Studio album by Zoé
- Released: October 2008
- Recorded: January 2008
- Genre: Alternative rock
- Length: 42.2 minutes
- Label: EMI
- Producer: Phil Vinall

Zoé chronology
| Memo Rex Commander y el Corazón Atómico de la Vía Láctea (2006) | Reptilectric (2008) | MTV Unplugged/Música de Fondo (2011) |

Singles from Reptilectric
- "Reptilectric" Released: October 2, 2008; "Nada" Released: February 6, 2009; "Poli" Released: July 4, 2009;

= Reptilectric =

Reptilectric is the fourth studio album by Mexican rock band Zoé, released in October 2008 through EMI Music. It was produced by Phil Vinall, who had previously worked with Radiohead and Placebo. The album debuted at number one on the Mexican sales charts and became Zoé's second platinum album for its 80,000 copies sold in Mexico alone. On November 25, 2009, Zoé received three Premios OYE! for Album, Group, and Video of Year.

Professional ratings
Review scores
| Source | Rating |
| Allmusic.com |  |

==Track listing==

| No. | Title | Length |
|---|---|---|
| 1. | "Reptilectric" | 3:52 |
| 2. | "Nada" ("Nothing") | 5:34 |
| 3. | "Sombras" ("Shadows") | 4:12 |
| 4. | "No Hay Dolor" ("There's No Pain") | 3:12 |
| 5. | "Poli" | 3:20 |
| 6. | "Resiste" ("Hold On") | 3:00 |
| 7. | "Neandertal" ("Neanderthal") | 3:44 |
| 8. | "Fantasma" ("Ghost") | 4:22 |
| 9. | "Luna" ("Moon") | 4:41 |
| 10. | "Últimos Días" ("Last Days") | 3:52 |
| 11. | "Babilonia" ("Babylonia") | 3:29 |

==Singles==
The first single of the album was Reptilectric, which had its own music video.

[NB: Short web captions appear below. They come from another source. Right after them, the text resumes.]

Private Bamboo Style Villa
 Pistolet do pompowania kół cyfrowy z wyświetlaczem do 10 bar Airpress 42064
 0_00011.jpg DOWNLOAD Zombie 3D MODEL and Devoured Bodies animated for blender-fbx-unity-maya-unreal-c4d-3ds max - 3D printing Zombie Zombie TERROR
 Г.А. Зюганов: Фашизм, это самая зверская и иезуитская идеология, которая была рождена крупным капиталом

In February 2009, a poll was held in order to decide which song would be the album's second single. "Nada" turned out to be the winner, and was offered as a free download via iTunes, becoming the single of the week for the week of May 7, 2008. An accompanying music video was released in April 2009.

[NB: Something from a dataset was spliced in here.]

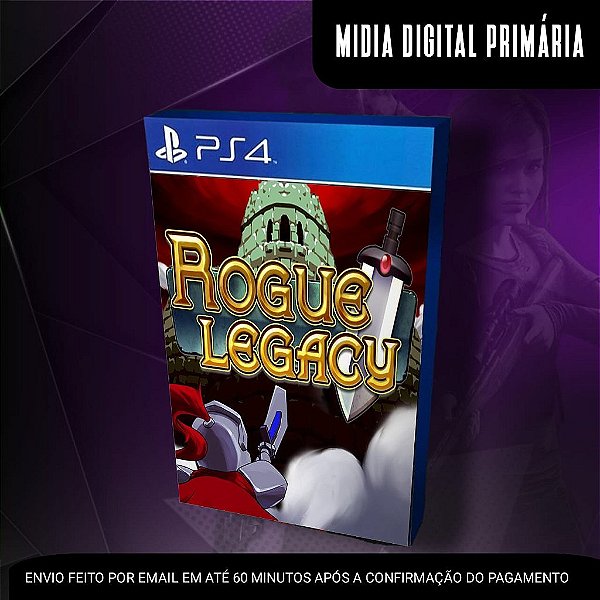 Rogue Legacy Ps4 Mídia Digital (Primária)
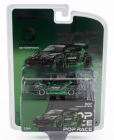 Pop-race-limited Toyota Yaris Gr Pandem 2023 1:64 Zelená Černá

Similarly, a second poll was held in order to pick the album's third single, but before the winner had been announced, Larregui posted in the band's website some messages that suggested that the vídeo for the single had already been shot. On August 31, "Poli" was released by Zoé as the third single off the album, via Myspace.

==Certifications==

| Region | Certification | Certified units/sales |
| Mexico (AMPROFON) | 2× Platinum | 160,000^{‡} |
^{‡} Sales+streaming figures based on certification alone.